Fast schon kurios wurde es danach als alle im Stadion, Spieler und Schiedsrichter eingeschlossen, nach dem Tor die Wiederholung auf der Videoleinwand ansahen. Jeder, auch Schiedsrichter Zwayer, sah, dass eine Abseitsstellung vorlag, doch auf Grund der Vorgaben von FIFA und DFB durfte Zwayer die Entscheidung nicht revidieren. Der Club wollte diese Revision dann selbst in die Hand nehmen und hatte seine besten 30 Minuten nach dem Gegentor. Das hatte zum einen den Grund, dass René Weiler endlich den völlig indisponierten Kerk vom Feld nahm, zum anderen aber auch mit einem leichten Mentalitätswandel.
Der Willen war nun vorhanden, was fehlte war aber ein Plan diesen Willen auch in sinnvolle Aktionen umzuwandeln. So war nun zwar Bemühen erkennbar, aber keine Struktur im Aufbauspiel. Dass der Ausgleich fünf Minuten vor Schluss dennoch fiel, war dann auch eher der Ballbehauptung und Schusstechnik der beiden Österreicher Burgstaller und Schöpf geschuldet und nicht einer offensiven Spielidee.
Doch statt Remis und Freude über das späte Ausgleichstor, heißt es am Ende dann doch Tristesse und Niederlage. Dies alles dank einer Szene die irgendwie typisch für den Abwehrverband des FCN in dieser Saison bislang ist. Etwas schlafmützig, etwas unentschlossen und äußerst dämlich wie sich die gesamte Defensive da anstellte. Der eine verliert ein Kopfballduell, der andere stellt seinen Körper nicht richtig dagegen und der letzte überlegt zu lange, wohin er laufen muss.
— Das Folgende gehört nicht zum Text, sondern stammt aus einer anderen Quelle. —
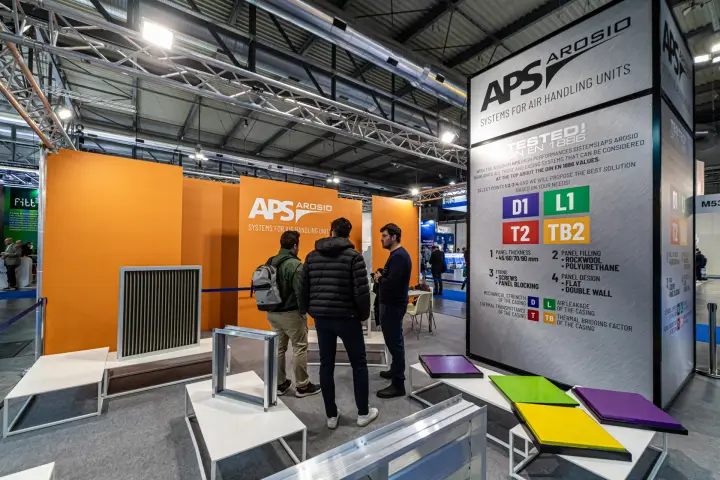 APS Arosio stand with AHU casing panels and DIN EN 1886 test classes at MCE 2024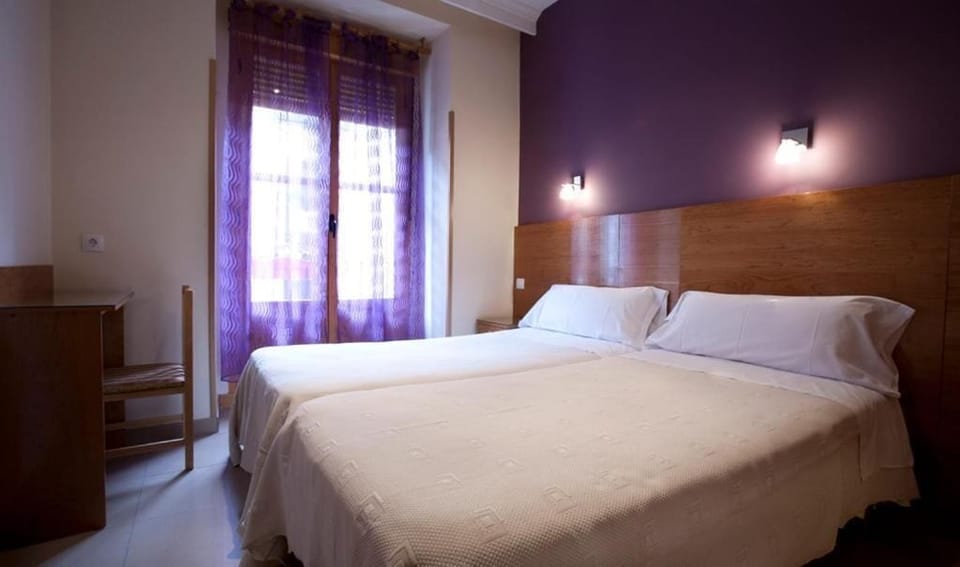 Superior Double Room, Private Bathroom | Desk, bed sheets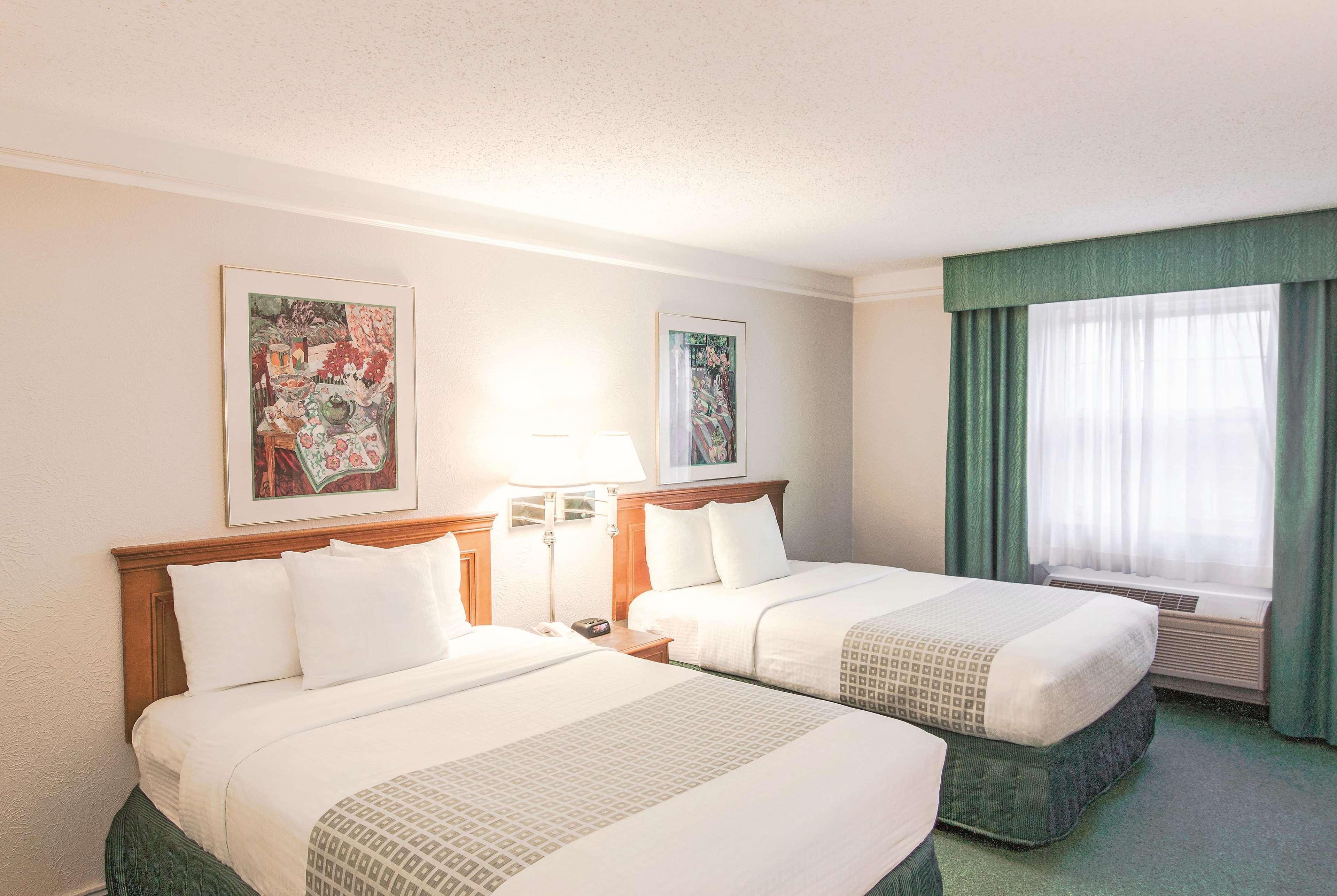 La Quinta Inn By Wyndham Indianapolis Airport Lynhurst Exterior photo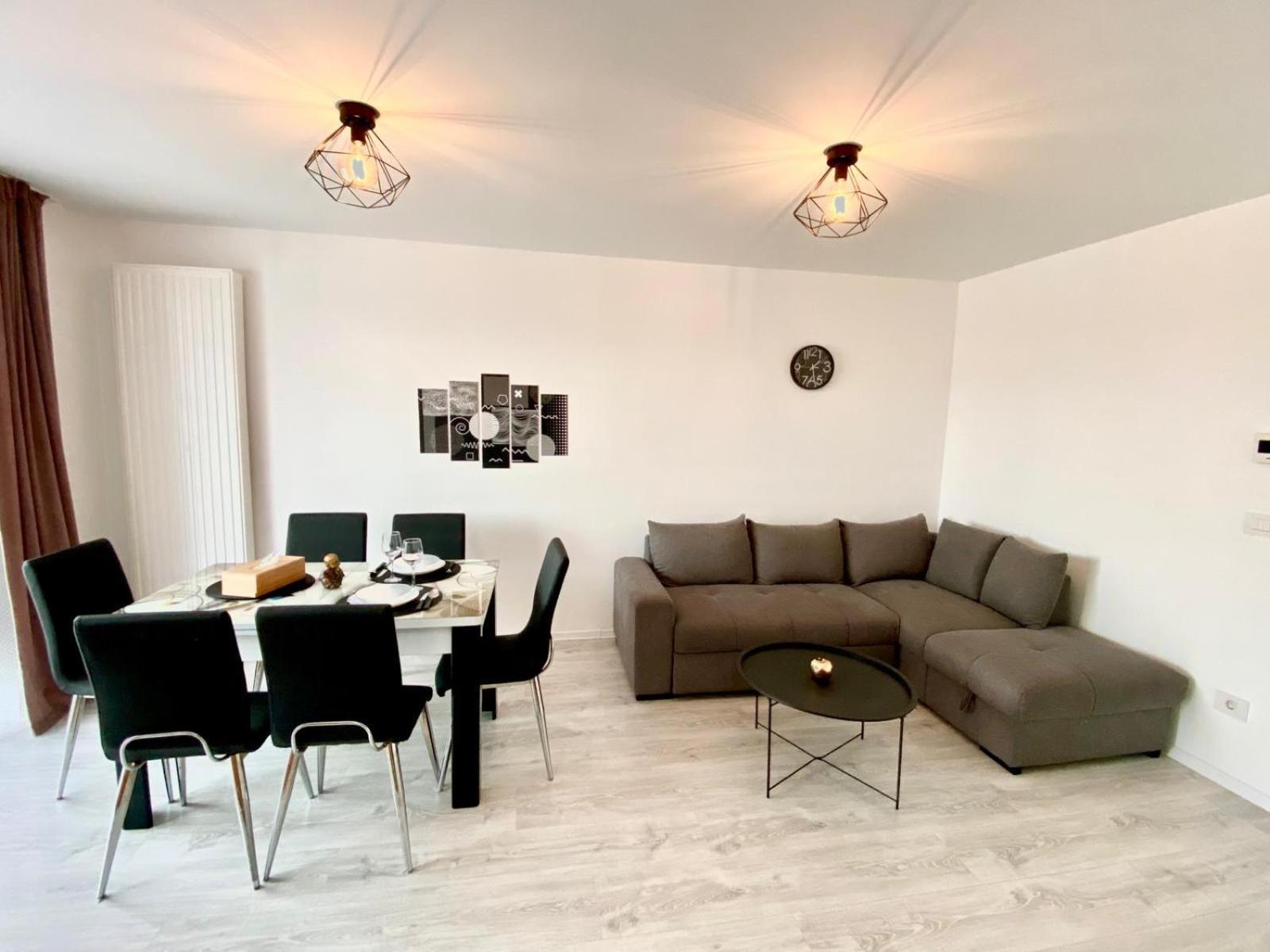 Jad - Luxury 3 Rooms & 2 Rooms Apartments In Kasper, Near Coresi Mall Brašov Exteriér fotografie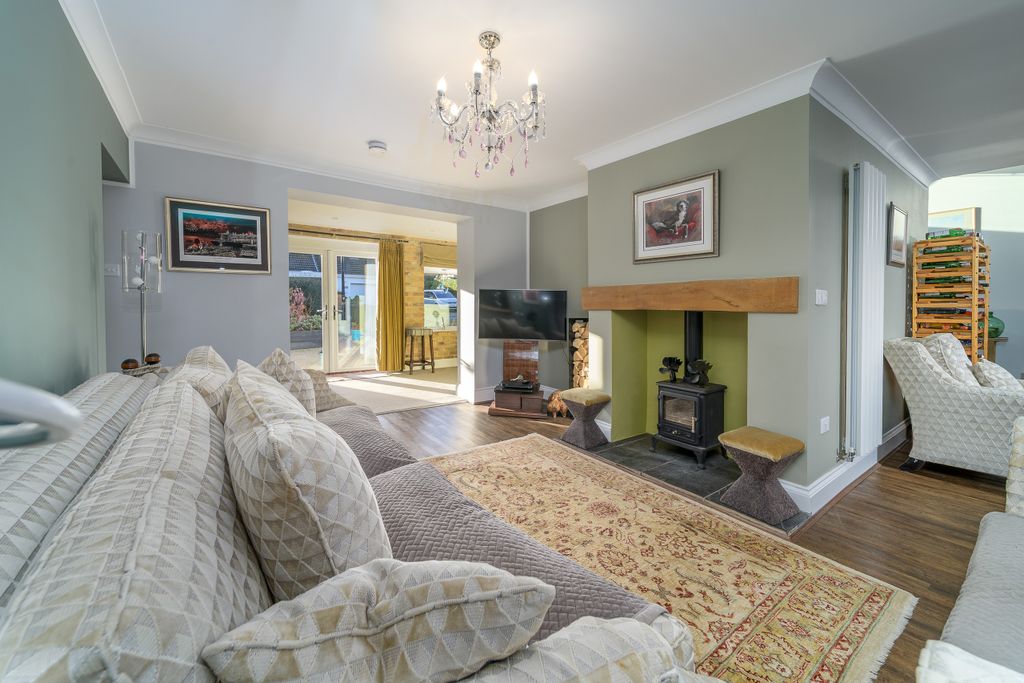 Property photo 3 of 38 Lounge-1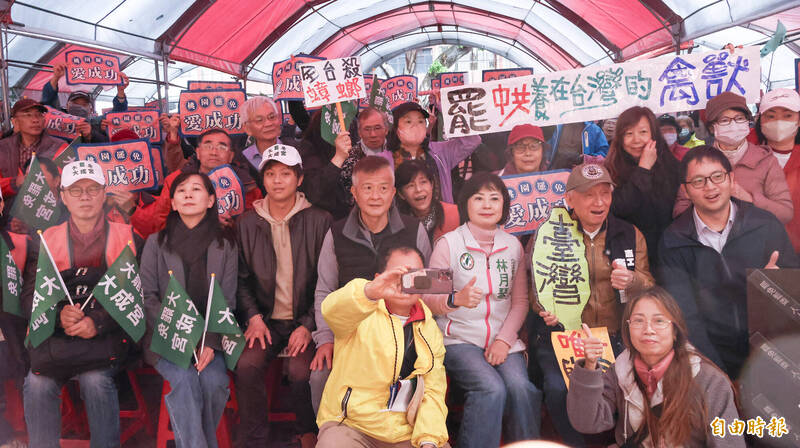 儘管下雨,活動仍聚集上百位鄉親到場參與。(記者黃政嘉攝) 儘管下雨,活動仍聚集上百位鄉親到場參與。(記者黃政嘉攝)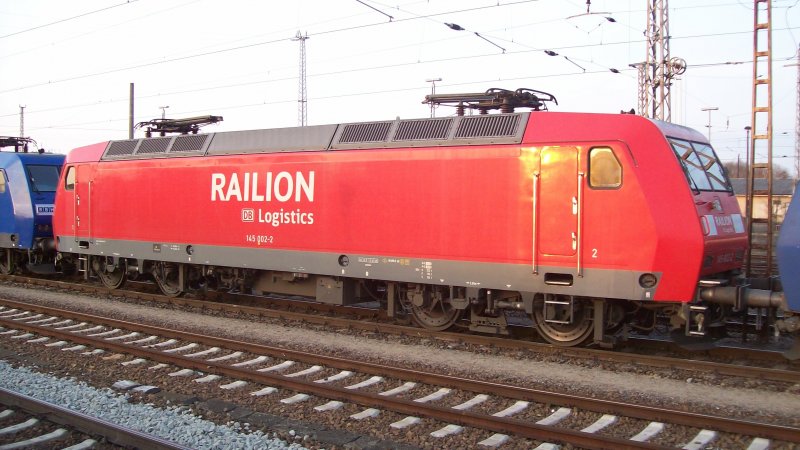 145 002-2 zwischen zwei RBH-Loks am 21.03.2009 im Bhf von Angerm�nde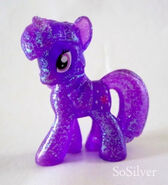 23.5. Twilight Sparkle glitterata (variante viola)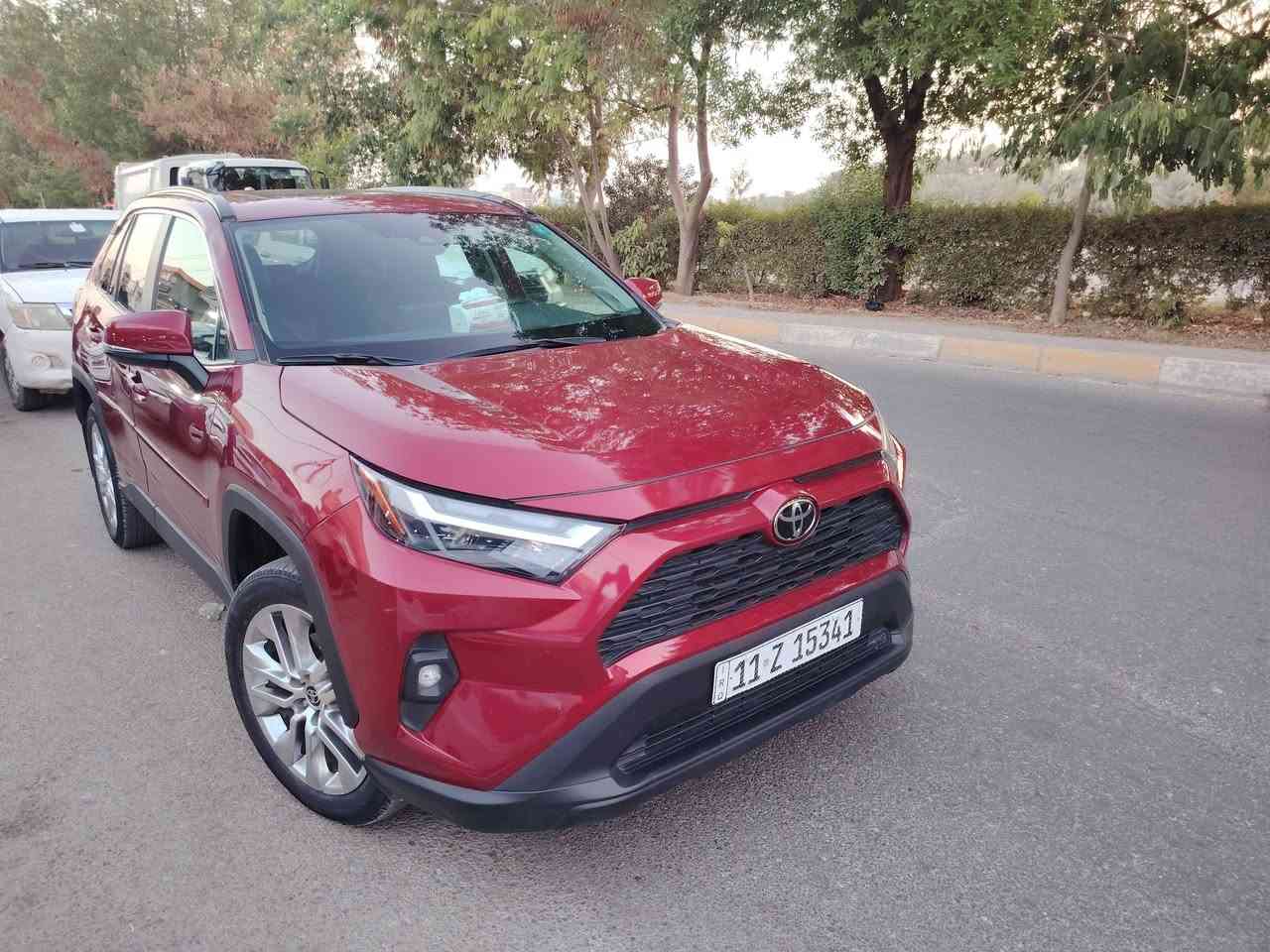 TOYOTA RAV4 XLE PREMIUM 202
تيوتا راف فور بريميوم مواصفات 1/1
سعرها 240 وبيه مجال بأسمي بدون رقم 
ماشيه ٤٢٠٠٠
المواصفات:
سيارة بانزين
بصمة  
سلايت 
كشنات جلد تحكم كهرباء تدفئه وتبريد 
شاشة ديجتال كبيرة
3 انضمة سبورت و العادي و الاقتصادي 
رادار تحديد مسار 
مثبت سرعة  
صندوك كهرباء ذكي
حساسات 360 
ترحيب 
اوتو بارك 
اوتو هولد 
هاند بريك بصمة 
نقاط عمياء
السيارة بيها هواي موصفات حلوة 
السيارة حادثهه: باب خلف السايق فقط لا غير 
للأستفسار عن السعر الاتصال على ‬الرقم ‭***********
 مكلف بالنشر
ماسنجر مقفول

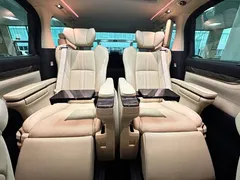 2021 Toyota Alphard Hybrid 2.5L Premium, чёрный — фото 42
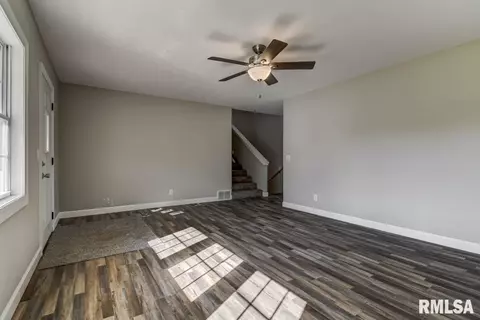 203 Hickory St, Athens, IL 62613 photo 4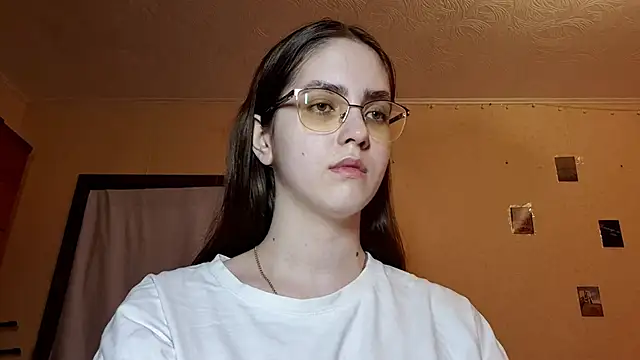 Snapshot of Katelemon chatting on 2, 4, 2026 Katelemon online show from 2, 4, 2026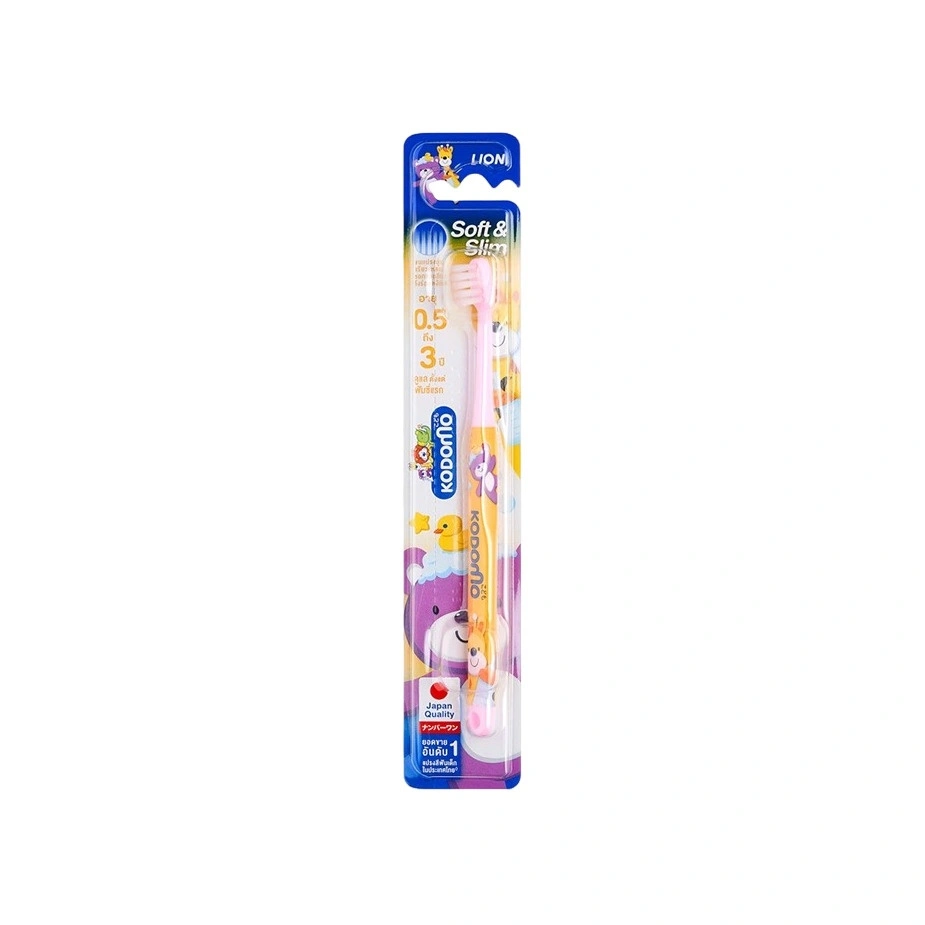 Children's Toothbrush SOFT & SLIM, Kodomo (Детская зубная щетка МЯГКАЯ И ТОНКАЯ, возраст от 0,5 до 3 лет, Кодомо), 1 шт.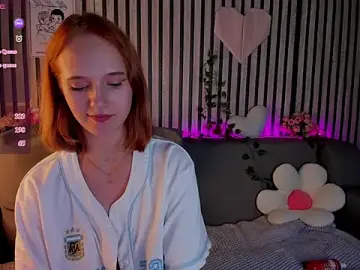 Casey_Sweeet  live sex cam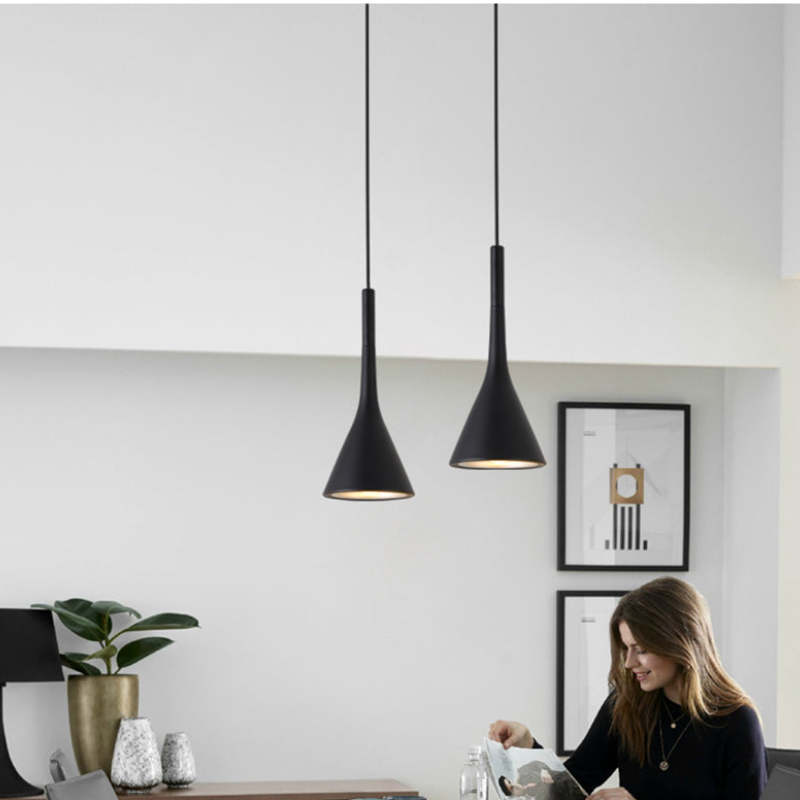 Frendorf | Moderne Triangel Pendellampe - Trionda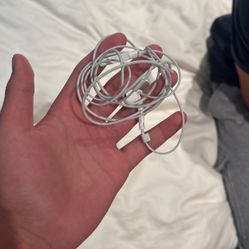 wired airpods lightning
So setzt es die nächste Niederlage gegen Fürth, das zum Angstgegner des FCN avanciert und die Frage, ob das jetzt gerecht war, ungerecht oder irgendwie beides, wird noch einige Zeit nachhängen. Ebenso aber wir nachhängen, dass nach sechs Spielen offensiv noch keinerlei Linie zu erkennen ist und defensiv ständige Wechsel die Spieler eher zu verunsichern scheinen. Viel Zeit wird René Weiler nicht mehr haben, ehe man ihm dies zu Recht ankreidet.